■ EXERCISE MATERIAL ■
....................

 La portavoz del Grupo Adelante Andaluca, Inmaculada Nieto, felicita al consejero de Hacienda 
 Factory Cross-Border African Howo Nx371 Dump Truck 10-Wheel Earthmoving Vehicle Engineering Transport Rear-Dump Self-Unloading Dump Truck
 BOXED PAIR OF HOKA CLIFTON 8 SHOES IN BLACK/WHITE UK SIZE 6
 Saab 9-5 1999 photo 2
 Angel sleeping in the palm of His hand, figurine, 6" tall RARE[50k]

....................

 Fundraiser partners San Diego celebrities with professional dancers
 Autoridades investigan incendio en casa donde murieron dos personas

....................

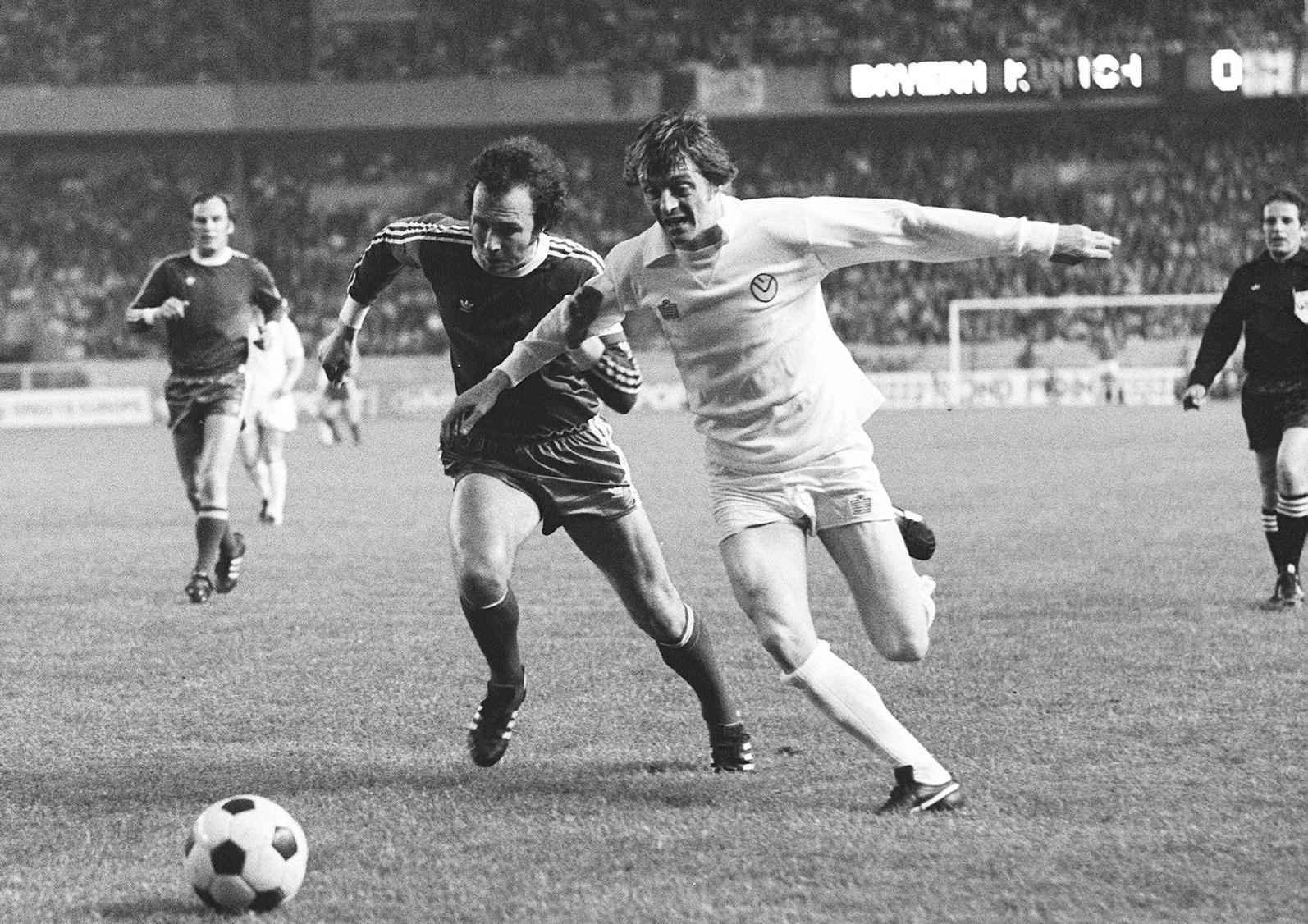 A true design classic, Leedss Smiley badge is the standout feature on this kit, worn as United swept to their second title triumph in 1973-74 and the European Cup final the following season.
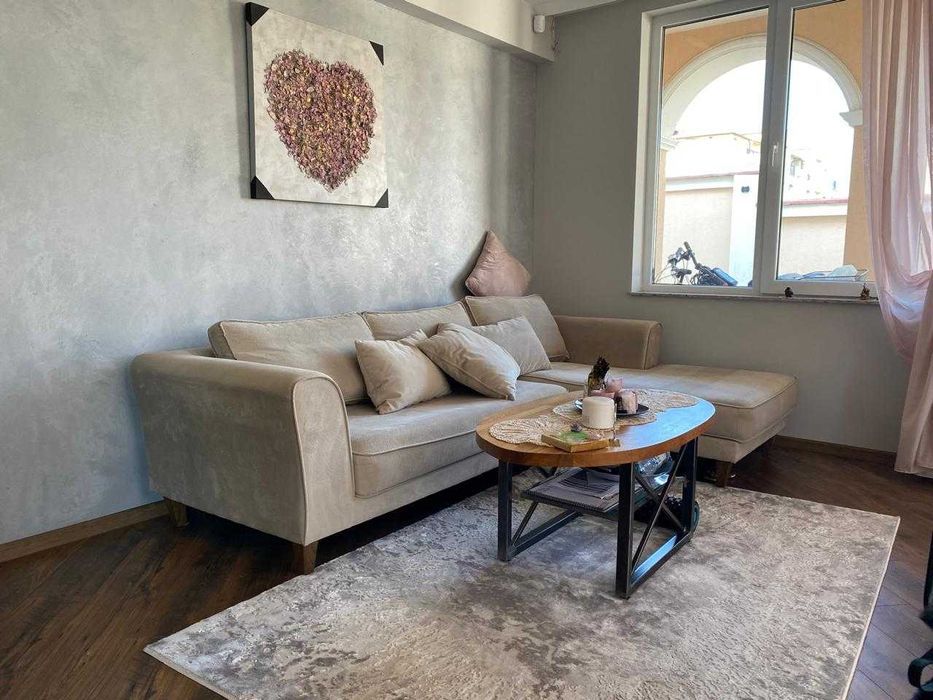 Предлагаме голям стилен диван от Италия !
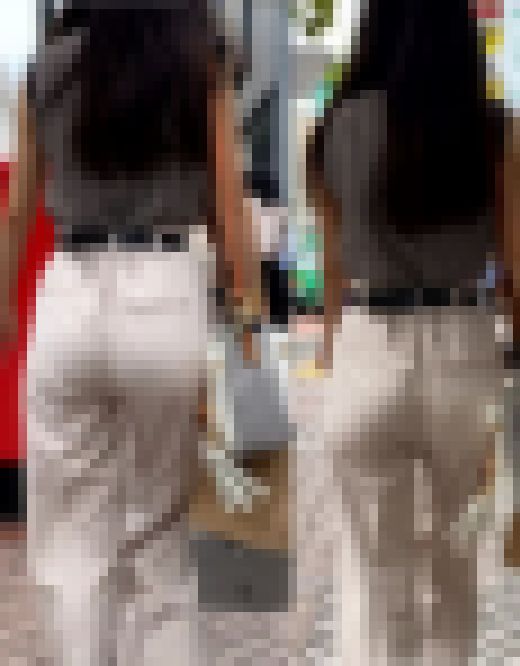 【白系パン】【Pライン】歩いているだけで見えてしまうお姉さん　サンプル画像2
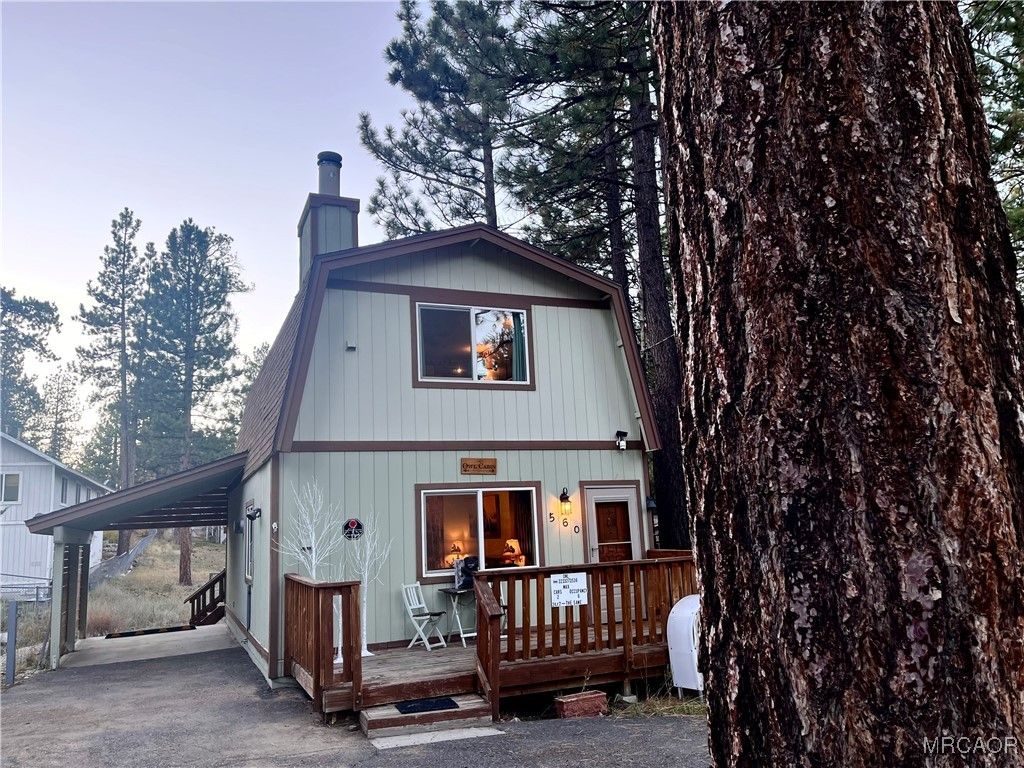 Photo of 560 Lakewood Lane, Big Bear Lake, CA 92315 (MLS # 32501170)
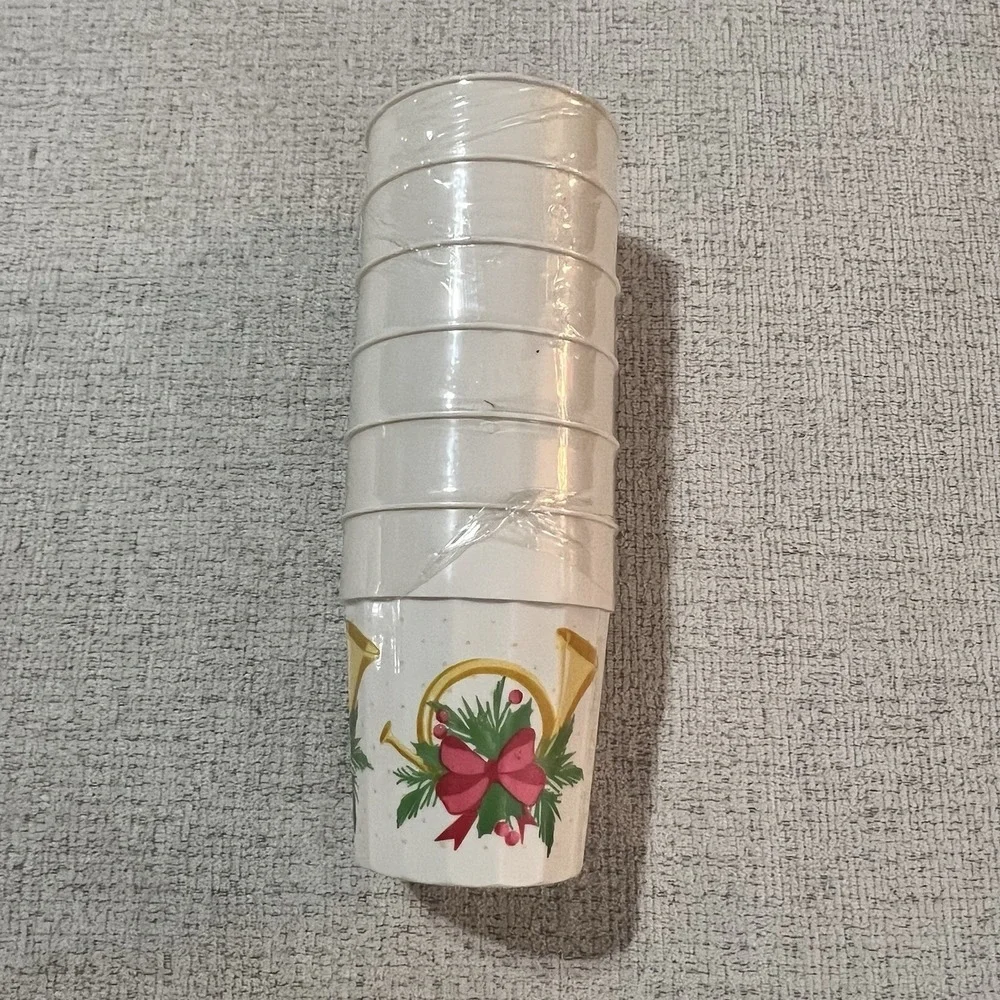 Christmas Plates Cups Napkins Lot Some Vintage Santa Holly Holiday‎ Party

....................

■ EXERCISE INSTRUCTIONS ■
Only the lines above from the line with "La portavoz del" to the line with "Factory Cross-Border African", those two lines included, should be reproduced exactly.

■ SOLUTION ■
 La portavoz del Grupo Adelante Andaluca, Inmaculada Nieto, felicita al consejero de Hacienda 
 Factory Cross-Border African Howo Nx371 Dump Truck 10-Wheel Earthmoving Vehicle Engineering Transport Rear-Dump Self-Unloading Dump Truck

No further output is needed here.